We've provided code that splits the dataset into a training set and a test set. Call `fit` using the training set, and then call `predict` and construct the confusion matrix using the test set.


In [None]:
from sklearn.cross_validation import train_test_split
X_train, X_test, y_train, y_test = train_test_split(X, y, random_state=0)

#print your confusion matrix here

# YOUR CODE HERE

### **Task 9**: Describe your confusion matrix.

What does each value in your confusion matrix correspond to?

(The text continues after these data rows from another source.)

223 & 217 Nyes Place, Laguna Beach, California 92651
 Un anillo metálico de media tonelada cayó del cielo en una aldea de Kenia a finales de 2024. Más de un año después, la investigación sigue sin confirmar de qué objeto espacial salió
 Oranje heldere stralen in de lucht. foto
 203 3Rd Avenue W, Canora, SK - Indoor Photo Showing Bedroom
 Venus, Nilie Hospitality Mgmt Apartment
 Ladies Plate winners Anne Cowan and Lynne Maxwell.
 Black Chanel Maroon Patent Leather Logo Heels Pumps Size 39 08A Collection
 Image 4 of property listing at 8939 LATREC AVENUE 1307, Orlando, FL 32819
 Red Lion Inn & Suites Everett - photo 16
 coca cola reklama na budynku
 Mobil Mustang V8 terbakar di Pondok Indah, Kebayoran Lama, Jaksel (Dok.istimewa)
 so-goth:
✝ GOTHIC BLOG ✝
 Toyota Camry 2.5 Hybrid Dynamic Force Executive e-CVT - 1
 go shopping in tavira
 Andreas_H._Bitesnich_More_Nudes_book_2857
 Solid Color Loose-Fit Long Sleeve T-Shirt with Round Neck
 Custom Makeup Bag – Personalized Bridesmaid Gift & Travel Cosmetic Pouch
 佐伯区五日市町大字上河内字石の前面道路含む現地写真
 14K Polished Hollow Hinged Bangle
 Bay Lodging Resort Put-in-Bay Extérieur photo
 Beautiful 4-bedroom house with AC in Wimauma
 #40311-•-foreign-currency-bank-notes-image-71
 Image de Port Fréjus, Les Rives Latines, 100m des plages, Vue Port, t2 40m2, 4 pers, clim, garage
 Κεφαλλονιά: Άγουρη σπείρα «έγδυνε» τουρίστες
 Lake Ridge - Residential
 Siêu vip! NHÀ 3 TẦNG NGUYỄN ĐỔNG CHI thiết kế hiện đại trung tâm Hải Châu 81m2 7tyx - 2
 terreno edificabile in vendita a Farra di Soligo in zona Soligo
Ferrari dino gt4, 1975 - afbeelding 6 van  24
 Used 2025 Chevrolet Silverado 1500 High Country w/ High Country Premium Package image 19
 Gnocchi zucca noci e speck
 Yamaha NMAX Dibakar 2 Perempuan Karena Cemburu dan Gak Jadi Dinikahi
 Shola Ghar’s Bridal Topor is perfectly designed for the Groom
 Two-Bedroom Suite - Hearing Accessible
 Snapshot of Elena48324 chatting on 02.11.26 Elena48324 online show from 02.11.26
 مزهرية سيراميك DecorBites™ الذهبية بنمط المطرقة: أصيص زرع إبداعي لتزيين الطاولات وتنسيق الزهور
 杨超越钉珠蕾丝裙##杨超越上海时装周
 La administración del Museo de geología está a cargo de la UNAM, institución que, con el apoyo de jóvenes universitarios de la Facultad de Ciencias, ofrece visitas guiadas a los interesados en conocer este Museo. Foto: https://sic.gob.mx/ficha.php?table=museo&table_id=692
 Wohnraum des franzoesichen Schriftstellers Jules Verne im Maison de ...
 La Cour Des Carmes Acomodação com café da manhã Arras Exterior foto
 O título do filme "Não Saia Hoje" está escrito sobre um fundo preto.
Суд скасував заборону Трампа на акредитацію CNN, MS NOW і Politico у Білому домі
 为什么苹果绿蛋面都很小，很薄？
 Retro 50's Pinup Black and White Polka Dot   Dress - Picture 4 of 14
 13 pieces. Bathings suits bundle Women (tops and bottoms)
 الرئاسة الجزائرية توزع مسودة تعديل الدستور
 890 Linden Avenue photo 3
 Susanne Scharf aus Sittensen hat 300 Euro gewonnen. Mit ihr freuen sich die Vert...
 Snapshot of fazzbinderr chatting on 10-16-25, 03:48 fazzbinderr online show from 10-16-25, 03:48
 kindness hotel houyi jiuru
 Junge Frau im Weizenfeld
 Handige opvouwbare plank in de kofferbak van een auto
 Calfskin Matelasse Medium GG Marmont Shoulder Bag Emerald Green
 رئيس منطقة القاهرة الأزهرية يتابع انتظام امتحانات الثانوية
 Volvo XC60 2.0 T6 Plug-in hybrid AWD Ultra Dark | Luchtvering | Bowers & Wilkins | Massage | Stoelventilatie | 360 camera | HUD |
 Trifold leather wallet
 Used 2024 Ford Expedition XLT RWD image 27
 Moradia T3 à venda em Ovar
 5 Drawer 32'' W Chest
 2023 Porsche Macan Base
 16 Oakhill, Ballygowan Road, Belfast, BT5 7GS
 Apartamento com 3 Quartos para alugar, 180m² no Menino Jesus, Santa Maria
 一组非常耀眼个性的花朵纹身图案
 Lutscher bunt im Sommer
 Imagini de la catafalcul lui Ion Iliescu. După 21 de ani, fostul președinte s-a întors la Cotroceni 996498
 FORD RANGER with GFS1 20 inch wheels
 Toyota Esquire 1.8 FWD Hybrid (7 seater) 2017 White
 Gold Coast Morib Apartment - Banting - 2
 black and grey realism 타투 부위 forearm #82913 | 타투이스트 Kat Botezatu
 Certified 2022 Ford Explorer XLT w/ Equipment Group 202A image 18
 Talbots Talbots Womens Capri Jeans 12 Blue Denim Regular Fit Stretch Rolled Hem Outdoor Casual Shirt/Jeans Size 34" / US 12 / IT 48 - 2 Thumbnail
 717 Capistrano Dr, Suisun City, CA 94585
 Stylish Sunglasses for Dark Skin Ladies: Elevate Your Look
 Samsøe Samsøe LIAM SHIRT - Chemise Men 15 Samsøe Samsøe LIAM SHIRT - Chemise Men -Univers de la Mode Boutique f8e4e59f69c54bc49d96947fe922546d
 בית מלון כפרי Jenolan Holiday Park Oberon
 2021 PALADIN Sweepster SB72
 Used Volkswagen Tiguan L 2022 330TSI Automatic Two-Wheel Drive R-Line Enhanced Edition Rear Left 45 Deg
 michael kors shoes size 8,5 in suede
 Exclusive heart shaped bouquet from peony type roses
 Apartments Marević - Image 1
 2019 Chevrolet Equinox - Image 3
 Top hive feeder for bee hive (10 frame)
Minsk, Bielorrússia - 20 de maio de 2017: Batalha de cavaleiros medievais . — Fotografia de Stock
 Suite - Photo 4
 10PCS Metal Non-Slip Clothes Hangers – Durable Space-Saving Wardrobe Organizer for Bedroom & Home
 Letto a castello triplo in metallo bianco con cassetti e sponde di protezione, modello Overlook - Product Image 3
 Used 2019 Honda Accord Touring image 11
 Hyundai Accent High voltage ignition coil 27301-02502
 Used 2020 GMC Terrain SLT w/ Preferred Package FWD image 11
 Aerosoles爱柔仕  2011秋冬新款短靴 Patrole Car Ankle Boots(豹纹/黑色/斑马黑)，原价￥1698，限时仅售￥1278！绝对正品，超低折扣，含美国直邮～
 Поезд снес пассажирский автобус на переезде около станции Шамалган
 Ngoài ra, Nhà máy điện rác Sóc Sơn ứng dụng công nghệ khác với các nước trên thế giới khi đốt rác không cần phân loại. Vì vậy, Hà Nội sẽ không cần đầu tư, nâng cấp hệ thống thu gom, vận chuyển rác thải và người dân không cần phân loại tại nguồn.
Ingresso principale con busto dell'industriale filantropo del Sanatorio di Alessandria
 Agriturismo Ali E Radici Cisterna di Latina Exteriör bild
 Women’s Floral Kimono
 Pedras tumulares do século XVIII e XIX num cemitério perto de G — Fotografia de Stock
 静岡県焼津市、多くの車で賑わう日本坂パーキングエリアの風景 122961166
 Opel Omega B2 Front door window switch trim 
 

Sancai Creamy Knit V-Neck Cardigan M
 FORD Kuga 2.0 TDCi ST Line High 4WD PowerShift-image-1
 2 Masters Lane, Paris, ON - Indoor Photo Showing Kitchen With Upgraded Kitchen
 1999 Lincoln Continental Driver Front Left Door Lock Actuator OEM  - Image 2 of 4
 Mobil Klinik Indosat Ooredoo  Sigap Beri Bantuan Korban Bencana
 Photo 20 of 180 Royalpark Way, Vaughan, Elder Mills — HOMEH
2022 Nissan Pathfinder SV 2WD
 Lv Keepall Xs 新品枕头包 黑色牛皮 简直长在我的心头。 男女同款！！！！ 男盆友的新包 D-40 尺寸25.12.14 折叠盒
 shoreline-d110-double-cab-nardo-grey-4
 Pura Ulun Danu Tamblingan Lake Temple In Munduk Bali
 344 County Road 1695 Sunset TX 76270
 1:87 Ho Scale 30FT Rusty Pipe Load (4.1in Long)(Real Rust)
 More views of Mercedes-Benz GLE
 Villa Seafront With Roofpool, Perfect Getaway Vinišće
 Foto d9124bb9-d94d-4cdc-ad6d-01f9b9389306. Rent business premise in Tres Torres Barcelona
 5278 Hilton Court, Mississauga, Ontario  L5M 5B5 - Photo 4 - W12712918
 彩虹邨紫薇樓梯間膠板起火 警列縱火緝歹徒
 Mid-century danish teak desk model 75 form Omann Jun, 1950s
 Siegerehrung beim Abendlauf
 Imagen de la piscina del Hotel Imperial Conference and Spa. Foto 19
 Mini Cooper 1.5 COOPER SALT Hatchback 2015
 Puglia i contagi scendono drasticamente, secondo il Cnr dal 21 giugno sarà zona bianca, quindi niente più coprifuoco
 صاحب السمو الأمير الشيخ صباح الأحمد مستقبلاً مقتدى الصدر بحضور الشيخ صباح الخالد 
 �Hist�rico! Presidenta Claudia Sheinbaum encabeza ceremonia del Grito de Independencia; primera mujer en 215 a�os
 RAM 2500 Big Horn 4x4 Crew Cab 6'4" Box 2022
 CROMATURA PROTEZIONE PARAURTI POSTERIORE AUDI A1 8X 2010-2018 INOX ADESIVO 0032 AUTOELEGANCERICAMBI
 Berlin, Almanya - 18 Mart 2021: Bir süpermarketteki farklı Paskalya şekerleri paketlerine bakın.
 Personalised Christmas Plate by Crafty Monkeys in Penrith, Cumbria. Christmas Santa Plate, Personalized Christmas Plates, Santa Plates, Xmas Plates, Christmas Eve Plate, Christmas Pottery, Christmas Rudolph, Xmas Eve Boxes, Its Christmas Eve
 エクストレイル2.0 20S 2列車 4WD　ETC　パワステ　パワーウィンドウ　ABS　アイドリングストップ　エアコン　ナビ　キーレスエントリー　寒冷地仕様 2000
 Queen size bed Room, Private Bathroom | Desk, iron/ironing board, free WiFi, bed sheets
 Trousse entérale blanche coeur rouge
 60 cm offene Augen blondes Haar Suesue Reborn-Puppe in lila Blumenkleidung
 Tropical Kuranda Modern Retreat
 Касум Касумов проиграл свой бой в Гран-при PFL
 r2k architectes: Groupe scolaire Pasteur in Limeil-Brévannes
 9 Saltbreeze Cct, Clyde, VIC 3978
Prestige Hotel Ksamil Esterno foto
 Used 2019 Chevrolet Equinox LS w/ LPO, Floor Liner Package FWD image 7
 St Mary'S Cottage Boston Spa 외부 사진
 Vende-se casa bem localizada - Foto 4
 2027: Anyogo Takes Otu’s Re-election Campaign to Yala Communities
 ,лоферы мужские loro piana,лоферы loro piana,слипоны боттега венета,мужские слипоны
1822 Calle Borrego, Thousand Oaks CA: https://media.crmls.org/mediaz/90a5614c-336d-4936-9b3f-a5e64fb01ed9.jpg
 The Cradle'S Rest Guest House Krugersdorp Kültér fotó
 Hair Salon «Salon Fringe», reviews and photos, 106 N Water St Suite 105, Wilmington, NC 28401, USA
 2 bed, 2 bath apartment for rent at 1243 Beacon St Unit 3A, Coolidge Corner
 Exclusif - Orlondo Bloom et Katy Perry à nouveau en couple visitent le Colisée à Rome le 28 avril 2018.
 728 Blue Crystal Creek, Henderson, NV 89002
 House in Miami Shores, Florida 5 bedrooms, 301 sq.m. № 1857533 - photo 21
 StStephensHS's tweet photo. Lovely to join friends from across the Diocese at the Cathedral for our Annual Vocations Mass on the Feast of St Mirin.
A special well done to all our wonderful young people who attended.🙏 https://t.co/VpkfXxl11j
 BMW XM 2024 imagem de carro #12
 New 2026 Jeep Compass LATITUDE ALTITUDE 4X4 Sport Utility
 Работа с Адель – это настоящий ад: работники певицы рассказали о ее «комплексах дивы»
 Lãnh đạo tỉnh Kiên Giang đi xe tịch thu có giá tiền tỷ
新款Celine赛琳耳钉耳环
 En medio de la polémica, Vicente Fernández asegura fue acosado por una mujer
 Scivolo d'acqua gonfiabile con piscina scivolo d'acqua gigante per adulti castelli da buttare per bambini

Identify what the following terms mean in regards to the breast cancer dataset:

- **True Positives (TP):** 
- **True Negatives (TN):** 
- **False Positives (FP):** 
- **False Negatives (FN):** 

In the context of diagnosing breast cancer, is it worse to have a false positive or a false negative? Why?

### Task 10: Mini-project
Perform the same set of classification tasks in Tasks 1 through 9 on a either the [Titanic dataset](https://www.kaggle.com/c/titanic) or a dataset of your choosing.  Use your data from a source other than sklearn.  Include a set of next steps (i.e. suggestions) on how you could improve your classifiers performance.

Hints:
1. Be careful during data preparation to handle missing values appropriately.  You can either fill them in with estimate (say by the mean of the ones that are present), or you can drop rows or columns that contain them.
3. You will need to either drop columns that contain categorical data (unordered data) or convert them to numerical form.
2. Converting categorical data (unordered category data) to numerical form requires using [One Hot Encoding](https://machinelearningmastery.com/how-to-one-hot-encode-sequence-data-in-python/) or some other appropriate technique.  Here is some [discussion](http://pbpython.com/categorical-encoding.html)
3. Use the Z-transform functionality in sklean to convert continuous values to z-scores and use them appropriately. Read this general information on [sklearn preprocessing]( http://scikit-learn.org/stable/modules/preprocessing.html) and then use [sklearn.preprocessing.StandardScaler](http://scikit-learn.org/stable/modules/generated/sklearn.preprocessing.StandardScaler.html#sklearn.preprocessing.StandardScaler)


In [None]:
# Your solution here.  Please include additional cells as needed.